Obtaining tandem mass spectrometry data for multiple parent ions in an ion population
Abstract
This invention relates to tandem mass spectrometry and, in particular, to tandem mass spectrometry using a linear ion trap and a time of flight detector to collect mass spectra to form a MS/MS experiment. The accepted standard is to store and mass analyze precursor ions in the ion trap before ejecting the ions axially to a collision cell for fragmentation before mass analysis of the fragments in the time of flight detector. This invention makes use of orthogonal ejection of ions with a narrow range of m/z values to produce a ribbon beam of ions that are injected into the collision cell. The shape of this beam and the high energy of the ions are accommodated by using a planar design of collision cell.
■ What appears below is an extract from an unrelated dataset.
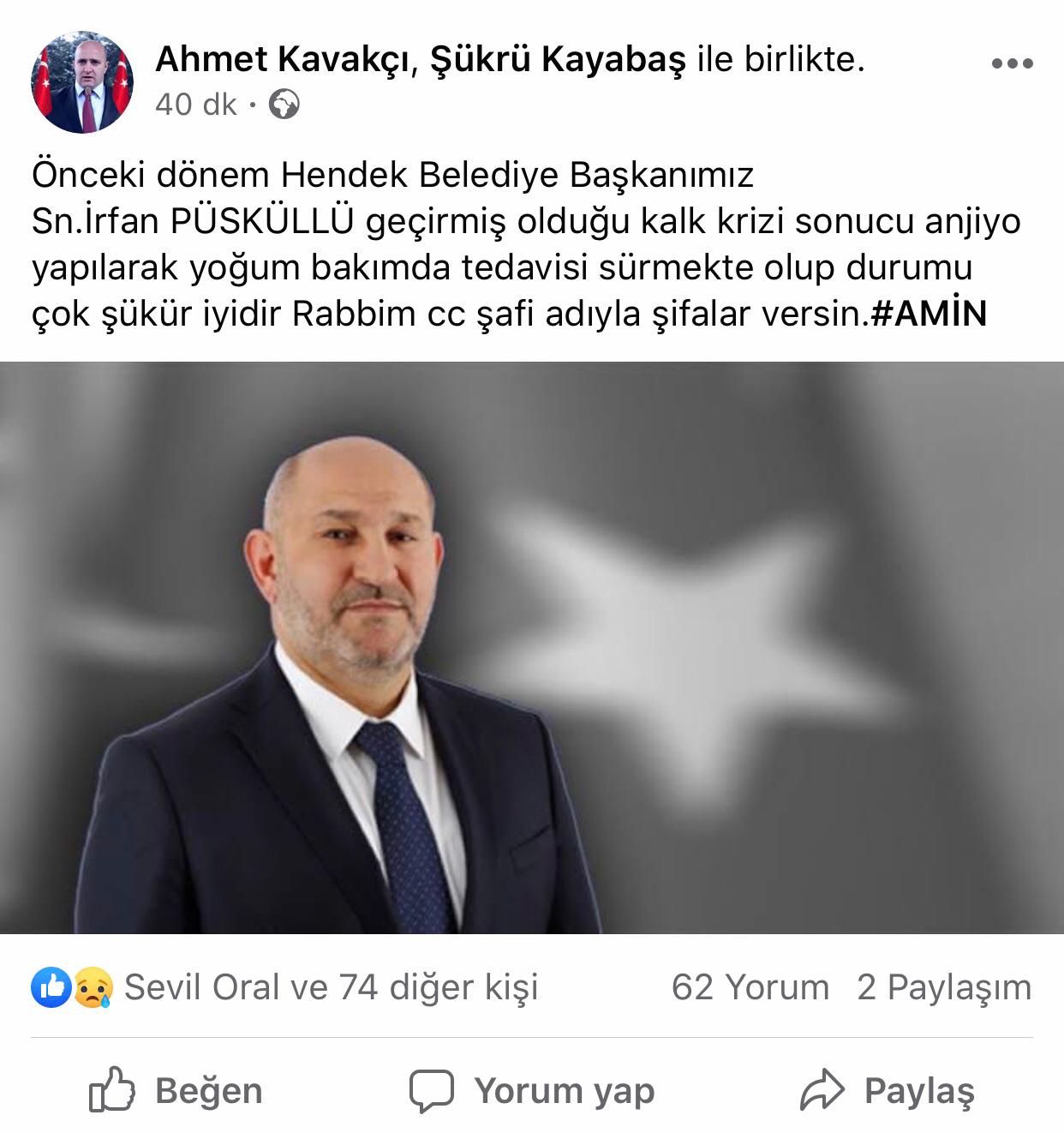 Püsküllü Yoğun Bakımda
Ions are retained in the ion trap during ejection so that successive narrow ranges may be stepped through consecutively to cover all precursor ions of interest.
Claims
exact text as granted — not AI-modified1. A collision cell/planar ion guide for transporting an ion beam from an ion entrance to an ion exit, the ion beam having a cross-section at the ion entrance that is expanded in one dimension relative to the other dimension, the collision cell/planar ion guide comprising:
a plurality of elongated rod electrodes;
a radio-frequency voltage source for applying RF voltages to the plurality of rod electrodes; and
means for focusing the ion beam in a dimension transverse to the primary direction of ion travel such that the cross-section of the ion beam at an ion exit is reduced relative to the ion beam cross-section at the ion inlet, wherein the means for focusing includes a DC voltage source configured to apply DC offsets to a plurality of electrodes.
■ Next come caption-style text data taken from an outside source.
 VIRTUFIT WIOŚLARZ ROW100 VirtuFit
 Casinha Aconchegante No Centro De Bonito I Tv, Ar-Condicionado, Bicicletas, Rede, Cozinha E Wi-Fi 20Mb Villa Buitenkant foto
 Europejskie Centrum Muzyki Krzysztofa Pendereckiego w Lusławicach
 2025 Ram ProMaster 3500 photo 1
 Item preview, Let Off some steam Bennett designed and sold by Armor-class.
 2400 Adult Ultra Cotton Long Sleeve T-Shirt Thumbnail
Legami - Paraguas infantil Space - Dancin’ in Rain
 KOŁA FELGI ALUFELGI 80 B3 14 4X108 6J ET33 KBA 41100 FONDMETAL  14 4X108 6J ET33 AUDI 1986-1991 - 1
2. The collision cell/planar ion guide of claim 1 , wherein the plurality of rod electrodes are oriented generally parallel to the primary direction of ion travel, and the means for focusing includes a DC voltage source configured to apply DC offsets to the plurality of rod electrodes, the DC offsets being selected to generate a DC field gradient in the transverse dimension that focuses the ion beam toward a central axis.
3. The collision cell/planar ion guide of claim 1 , wherein the means for focusing includes a plurality of field electrodes positioned outwardly of the rod electrodes, the field electrodes having DC offsets applied thereto and being shaped to generate a DC field gradient in the transverse dimension that focuses the ion beam toward a central axis.
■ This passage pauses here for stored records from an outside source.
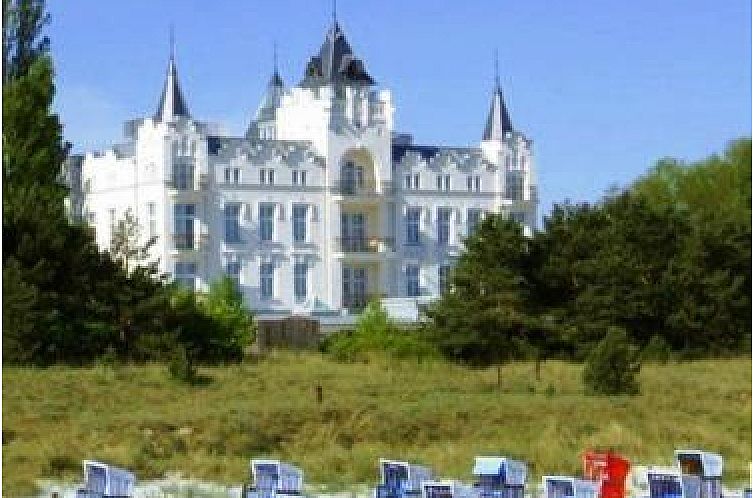 Verblijf 9719913 - Vakantie appartement Mecklenburg-Voor-Pommeren - Usedom Palace
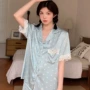 春夏星星新款两件家居服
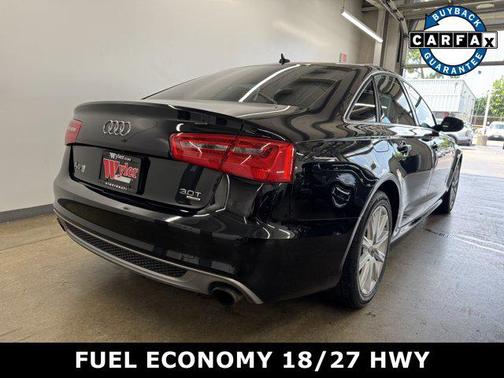 2015 Audi A6 3.0T Prestige Quattro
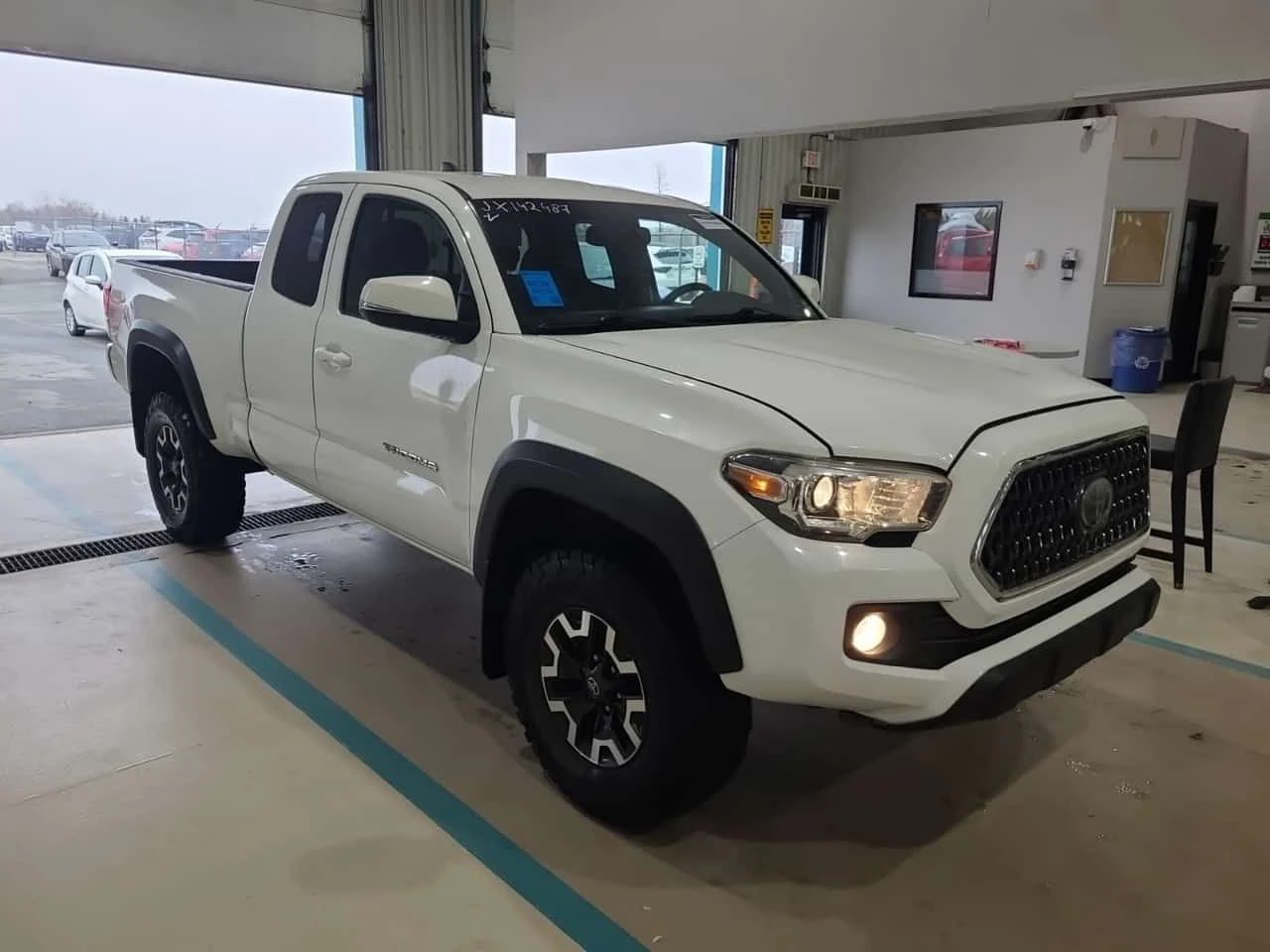 Toyota Tacoma * 4x4 Access Cab V6 * , снимка 2 - Автомобили и джипове - 54608660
4. The collision cell/planar ion guide of claim 3 , wherein the field electrodes are further shaped to generate a DC axial field gradient that acts to propel ions along the primary direction of travel.
5. The collision cell/planar ion guide of claim 1 , wherein the plurality of rod electrodes are oriented generally transversely with respect to the primary direction of ion travel, and the means focusing the ion beam comprises a set of field electrodes positioned outwardly of the rod electrodes, the field electrodes having DC offsets applied thereto and being shaped to generate a DC field gradient in the transverse dimension that focuses the ion beam toward a central axis.
6. The collision cell/planar ion guide of claim 1 , wherein the plurality of rod electrodes includes composite electrodes, each composite electrode having first and second sub rods to which an identical RF voltage is applied, and wherein the means for focusing includes a DC voltage source configured to apply different DC offsets to the first and second sub rods plurality of rod electrodes to generate a DC field gradient in the transverse dimension that focuses the ion beam toward a central axis.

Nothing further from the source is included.